The first one has the advanteges of:
Message ordering
At least one delivery
But the disadvantages are quite problematic:
No built-in autoscaling (you can achieve it using triggers)
No message visibility functionality (apparently, asking to confirm that)
No topic subscription
Very strict read transactions: you can improve it using multiple shards from what I read here you must have a not well defined number of lamdas with different invocation priorities and a not well defined strategy to avoid duplicate processing across multiple instances of the same microservice.
The second one has the advanteges of:
Is completely managed
Very high TPS
Topic subscriptions
Message visibility functionality
Drawbacks:
SQS messages are best-effort ordering, still no idea of what they means.
It says "A standard queue makes a best effort to preserve the order of messages, but more than one copy of a message might be delivered out of order".
Does it means that giving n copies of a message the first copy is delivered in order while the others are delivered unordered compared to the other messages' copies? Or "more that one" could be "all"?
A very big thanks for every kind of advice!
I'm quite a newbe in microservices and Event-Sourcing
Review Greg Young's talk Polygot Data for more insight into what follows.
Sharing events across service boundaries has two basic approaches - a push model and a pull model. For subscribers that care about the ordering of events, a pull model is "simpler" to maintain.
The basic idea being that each subscriber tracks its own high water mark for how many events in a stream it has processed, and queries an ordered representation of the event list to get updates.
In AWS, you would normally get this representation by querying the authoritative service for the updated event list (the implementation of which could include paging). The service might provide the list of events by querying dynamodb directly, or by getting the most recent key from DynamoDB, and then looking up cached representations of the events in S3.
In this approach, the "events" that are being pushed out of the system are really just notifications, allowing the subscribers to reduce the latency between the write into Dynamo and their own read.
I would normally reach for SNS (fan-out) for broadcasting notifications. Consumers that need bookkeeping support for which notifications they have handled would use SQS. But the primary channel for communicating the ordered events is pull.
I myself haven't looked hard at Kinesis - there's some general discussion in earlier questions -- but I think Kevin Sookocheff is onto something when he writes
...if you dig a little deeper you will find that Kinesis is well suited for a very particular use case, and if your application doesn’t fit this use case, Kinesis may be a lot more trouble than it’s worth.
Kinesis’ primary use case is collecting, storing and processing real-time continuous data streams. Data streams are data that are generated continuously by thousands of data sources, which typically send in the data records simultaneously, and in small sizes (order of Kilobytes).
Another thing: the fact that I'm accessing data from another
microservice stream is an anti-pattern, isn't it?

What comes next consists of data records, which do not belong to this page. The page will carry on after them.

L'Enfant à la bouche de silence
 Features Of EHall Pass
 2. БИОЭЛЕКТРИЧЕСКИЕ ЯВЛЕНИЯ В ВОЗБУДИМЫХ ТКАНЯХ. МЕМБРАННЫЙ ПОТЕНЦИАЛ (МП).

Well, part of the point of dividing a system into microservices is to reduce the coupling between the capabilities of the system. Accessing data across the microservice boundaries increases the coupling. So there's some tension there.
But basically if I'm using a pull model I need to read
data from other microservices' stream. Is it avoidable?
If you query the service you need for the information, rather than digging it out of the stream yourself, you reduce the coupling -- much like asking a service for data rather than reaching into an RDBMS and querying the tables yourself.
If you can avoid sharing the information between services at all, then you get even less coupling.
(Naive example: order fulfillment needs to know when an order has been paid for; so it needs a correlation id when the payment is made, but it doesn't need any of the other billing details.)